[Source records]
__________
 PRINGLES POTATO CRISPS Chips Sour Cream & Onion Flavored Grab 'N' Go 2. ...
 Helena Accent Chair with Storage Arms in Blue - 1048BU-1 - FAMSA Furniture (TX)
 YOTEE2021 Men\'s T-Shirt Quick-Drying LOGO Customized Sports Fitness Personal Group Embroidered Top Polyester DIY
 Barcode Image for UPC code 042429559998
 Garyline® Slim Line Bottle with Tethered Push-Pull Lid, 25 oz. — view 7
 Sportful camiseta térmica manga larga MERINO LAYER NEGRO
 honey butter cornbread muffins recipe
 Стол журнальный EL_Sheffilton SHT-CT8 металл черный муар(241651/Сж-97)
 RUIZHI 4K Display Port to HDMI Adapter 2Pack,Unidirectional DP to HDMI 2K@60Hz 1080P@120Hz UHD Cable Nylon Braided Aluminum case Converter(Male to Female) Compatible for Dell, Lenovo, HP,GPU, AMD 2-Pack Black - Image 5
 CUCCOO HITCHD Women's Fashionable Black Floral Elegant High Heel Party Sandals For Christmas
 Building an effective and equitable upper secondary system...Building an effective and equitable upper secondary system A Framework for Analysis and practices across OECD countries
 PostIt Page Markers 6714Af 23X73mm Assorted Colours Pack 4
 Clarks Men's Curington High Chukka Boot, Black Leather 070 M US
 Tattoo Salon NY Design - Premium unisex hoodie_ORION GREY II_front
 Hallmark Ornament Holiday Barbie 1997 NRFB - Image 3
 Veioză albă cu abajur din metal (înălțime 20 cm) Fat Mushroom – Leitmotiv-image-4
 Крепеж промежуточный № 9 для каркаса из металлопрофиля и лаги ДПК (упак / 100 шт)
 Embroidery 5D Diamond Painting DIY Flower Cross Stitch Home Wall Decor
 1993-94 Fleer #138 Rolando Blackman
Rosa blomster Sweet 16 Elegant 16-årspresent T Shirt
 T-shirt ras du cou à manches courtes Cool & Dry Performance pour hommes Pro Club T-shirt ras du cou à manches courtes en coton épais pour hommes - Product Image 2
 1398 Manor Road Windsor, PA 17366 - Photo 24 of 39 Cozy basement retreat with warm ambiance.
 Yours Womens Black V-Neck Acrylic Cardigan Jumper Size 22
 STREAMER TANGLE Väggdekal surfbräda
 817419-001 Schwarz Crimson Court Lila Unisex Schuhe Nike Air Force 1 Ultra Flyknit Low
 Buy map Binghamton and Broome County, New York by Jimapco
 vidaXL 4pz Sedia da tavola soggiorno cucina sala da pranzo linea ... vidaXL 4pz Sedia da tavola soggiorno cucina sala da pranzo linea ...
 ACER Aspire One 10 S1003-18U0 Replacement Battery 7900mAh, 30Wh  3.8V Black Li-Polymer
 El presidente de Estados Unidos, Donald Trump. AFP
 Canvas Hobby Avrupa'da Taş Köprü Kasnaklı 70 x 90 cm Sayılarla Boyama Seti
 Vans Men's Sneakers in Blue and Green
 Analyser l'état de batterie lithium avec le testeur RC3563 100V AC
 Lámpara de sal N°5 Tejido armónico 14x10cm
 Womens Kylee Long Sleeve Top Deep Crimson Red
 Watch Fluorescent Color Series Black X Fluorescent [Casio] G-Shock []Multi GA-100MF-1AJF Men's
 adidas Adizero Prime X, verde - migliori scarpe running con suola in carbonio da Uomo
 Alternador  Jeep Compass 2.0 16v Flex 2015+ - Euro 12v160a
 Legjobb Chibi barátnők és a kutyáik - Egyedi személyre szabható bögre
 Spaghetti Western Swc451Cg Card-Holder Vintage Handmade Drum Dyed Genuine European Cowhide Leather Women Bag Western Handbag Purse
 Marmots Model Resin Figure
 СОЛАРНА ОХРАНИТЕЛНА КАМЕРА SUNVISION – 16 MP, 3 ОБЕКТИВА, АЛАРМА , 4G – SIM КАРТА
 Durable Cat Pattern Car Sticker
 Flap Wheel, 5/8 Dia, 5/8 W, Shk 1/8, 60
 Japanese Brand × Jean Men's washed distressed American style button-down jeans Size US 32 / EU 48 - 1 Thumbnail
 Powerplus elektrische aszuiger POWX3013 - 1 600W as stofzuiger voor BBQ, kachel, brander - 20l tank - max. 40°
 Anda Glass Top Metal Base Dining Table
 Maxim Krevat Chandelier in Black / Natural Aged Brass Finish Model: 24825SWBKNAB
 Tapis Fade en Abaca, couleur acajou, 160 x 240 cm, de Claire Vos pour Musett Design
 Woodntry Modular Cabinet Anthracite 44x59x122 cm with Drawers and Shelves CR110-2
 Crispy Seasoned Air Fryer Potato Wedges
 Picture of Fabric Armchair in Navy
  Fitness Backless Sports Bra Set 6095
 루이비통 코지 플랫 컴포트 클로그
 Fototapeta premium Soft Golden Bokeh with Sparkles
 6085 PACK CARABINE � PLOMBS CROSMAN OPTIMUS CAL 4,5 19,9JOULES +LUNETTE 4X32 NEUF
__________
__About this task__
Write down, word for word, the lines above from the one containing "Крепеж промежуточный №" through the one containing "Legjobb Chibi barátnők", both ends included.

__Response__
 Крепеж промежуточный № 9 для каркаса из металлопрофиля и лаги ДПК (упак / 100 шт)
 Embroidery 5D Diamond Painting DIY Flower Cross Stitch Home Wall Decor
 1993-94 Fleer #138 Rolando Blackman
Rosa blomster Sweet 16 Elegant 16-årspresent T Shirt
 T-shirt ras du cou à manches courtes Cool & Dry Performance pour hommes Pro Club T-shirt ras du cou à manches courtes en coton épais pour hommes - Product Image 2
 1398 Manor Road Windsor, PA 17366 - Photo 24 of 39 Cozy basement retreat with warm ambiance.
 Yours Womens Black V-Neck Acrylic Cardigan Jumper Size 22
 STREAMER TANGLE Väggdekal surfbräda
 817419-001 Schwarz Crimson Court Lila Unisex Schuhe Nike Air Force 1 Ultra Flyknit Low
 Buy map Binghamton and Broome County, New York by Jimapco
 vidaXL 4pz Sedia da tavola soggiorno cucina sala da pranzo linea ... vidaXL 4pz Sedia da tavola soggiorno cucina sala da pranzo linea ...
 ACER Aspire One 10 S1003-18U0 Replacement Battery 7900mAh, 30Wh  3.8V Black Li-Polymer
 El presidente de Estados Unidos, Donald Trump. AFP
 Canvas Hobby Avrupa'da Taş Köprü Kasnaklı 70 x 90 cm Sayılarla Boyama Seti
 Vans Men's Sneakers in Blue and Green
 Analyser l'état de batterie lithium avec le testeur RC3563 100V AC
 Lámpara de sal N°5 Tejido armónico 14x10cm
 Womens Kylee Long Sleeve Top Deep Crimson Red
 Watch Fluorescent Color Series Black X Fluorescent [Casio] G-Shock []Multi GA-100MF-1AJF Men's
 adidas Adizero Prime X, verde - migliori scarpe running con suola in carbonio da Uomo
 Alternador  Jeep Compass 2.0 16v Flex 2015+ - Euro 12v160a
 Legjobb Chibi barátnők és a kutyáik - Egyedi személyre szabható bögre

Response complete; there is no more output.